To get a feeling for how much testing is already done, code coverage is often used as a benchmark for how much of the tested system is already covered by automated test cases. When having particular benchmarks of code coverage that have to be reachd, management often thinks that this means that they can fully control how good a software is tested.
However, these assumptions quickly prove to be simply wrong.
The limits of statements about test cases based on code coverage quickly emerge when thinking about the very nature of code coverage, namely the code itself.
In this article, I showcase these limits at which code coverage fails catastrophically, by implying claims about an evaluated suite of test cases that are simply wrong.
These examples should get you thinking about why (or actuall if) you should ever rely on code coverage results ever again.
But first, let’s agree on a common understanding of terminology: when I talk about “coverage” in the following, I mean “the number of statements that are executed by running a particular set of automated test cases, divided by the overall number of statements in a system” (more compact: #statements run during test execution / #overall statements).

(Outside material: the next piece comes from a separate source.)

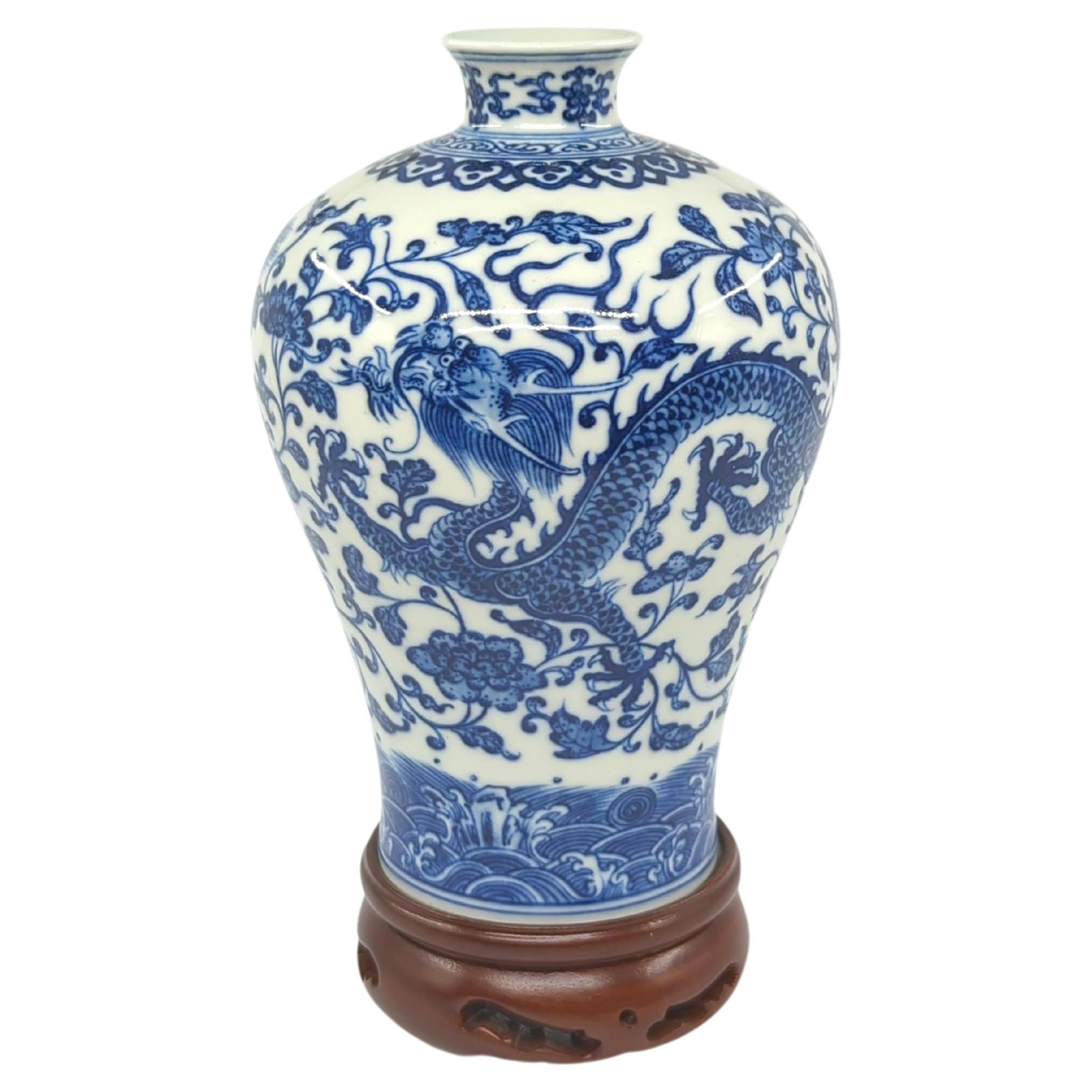 Vaso di porcellana cinese di pregio in bianco e blu Dragon Phoenix Meiping Stand Modern 20c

As there are different terms and definitions of different coverage aspects out there, I will rely on this general definition in this article. However, the issues are the same for each other names you could give to the problem (the problem does not change because you give it a different name).

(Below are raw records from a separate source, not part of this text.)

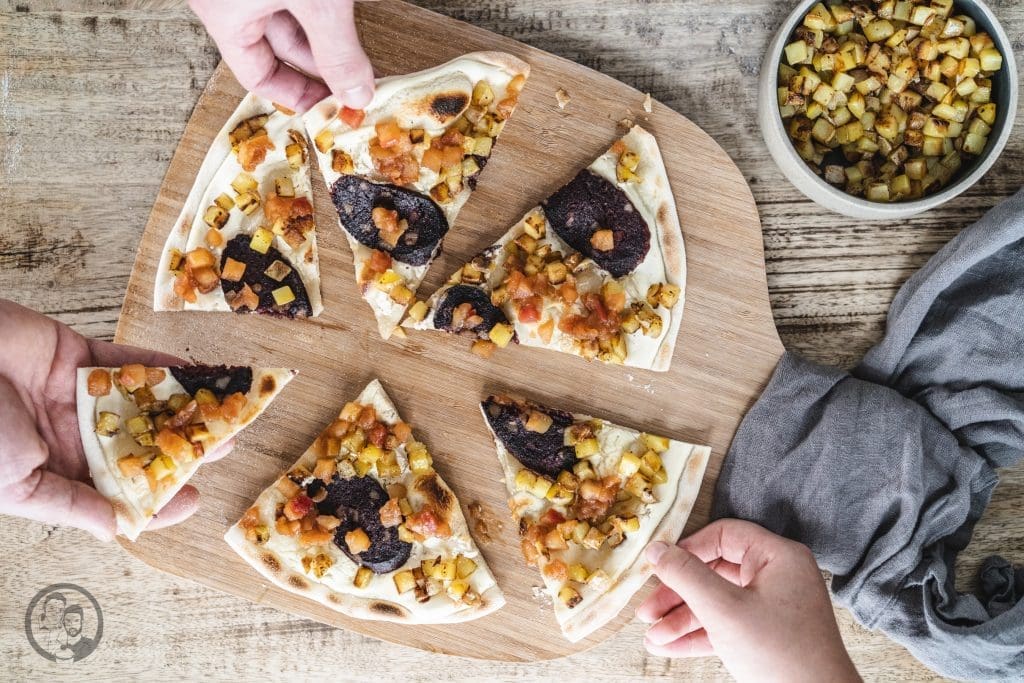 Kölscher flammkuchen 13 | Heute geht es bei uns mal so richtig lokal zu, denn wir haben eines unserer liebsten kölschen Gerichte als Inspirationsquelle genutzt. Himmel & Ääd kennt hier jeder. Die unfassbar leckere Kombination aus Apfel (Himmel) und Kartoffeln (Erde) und das gepaart mit einer leckeren gebratenen Blutwurst. Wir haben nun genau diese leckeren Komponenten genutzt, um unseren Kölschen Flammkuchen zu kreieren.
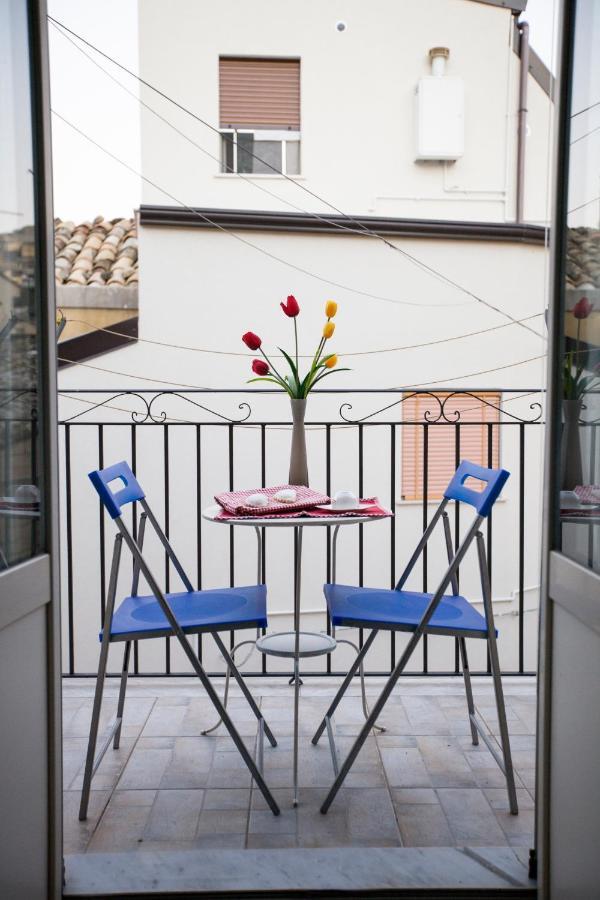 Sopra La Piazza Villa Agira Bagian luar foto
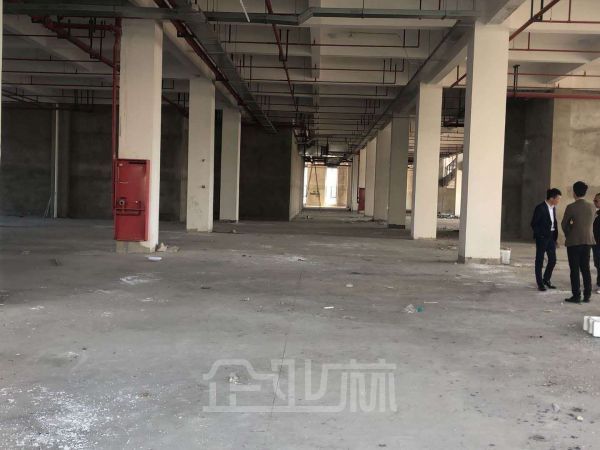 厂房正门图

So now, let us have a look at some examples:
Figure 1: neat implementation
Figure 2: spaghetti implementation
Figure 3: incorrect implementation
In the above-depicted figures, three different implementations of an equals-method are shown. The requirement of this method is to check whether a given instance of an imaginary MyClass matches the current instance of MyClass (referenced with this), based on the value-property of MyClass. This example is reduced to the extent that is relevant for this article. However, the statements made generalize to more complex implementations.

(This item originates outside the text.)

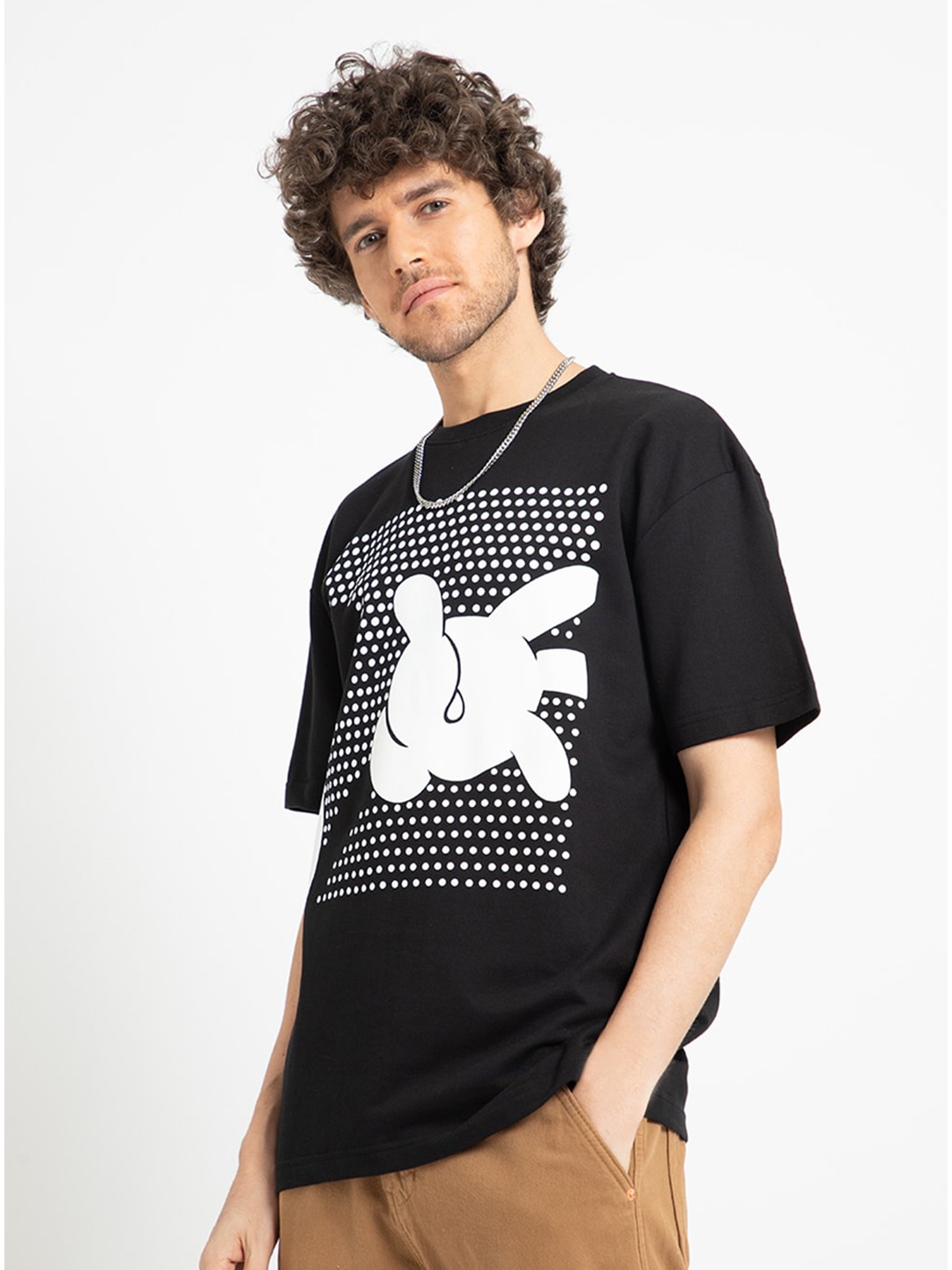 

Banana Club Men Printed Drop-Shoulder Sleeves T-shirt, Black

In Figure 1, the coverage of a simple test case that uses two variables where this.value == that.value would be 2/5=40%. In Figure 2, the unnecessary and redundant statements that would be executed for the same test case would lead to coverage of 9/10 = 90 %. In Figure 3, in which the implementation of the method is obviously incorrect, this same test case would lead to a coverage of 100 %, although the corresponding test case would fail (because the method returns false instead of true). However, if the evaluated test case would use MyClass implementations with different values (this.value != that.value), coverage would still be 100 %, with no failing test case(s). But does this coverage of 100 % really imply that testing is “complete”?
Although more sophisticated coverage metrics such as branch or path coverage  might help reduce the impact of fallacies as described in this example, the problem that syntactic test case evaluation is an inaccurate representative of the completeness of software testing still remains. In general, this implies that (1) metric values can easily be manipulated, (2) there is a huge impact of the code style (the syntactic realization rather than the semantic interpretation of software), (3) bad code style (code smells) is often incentivized (because of the general good practice in coding to need few lines of code to realize a particular functionality) and (4) metrics do not consider code that is missing (on purpose or because of a defect, as shown in Figure 3), because the syntax does not allow statements about what should be there.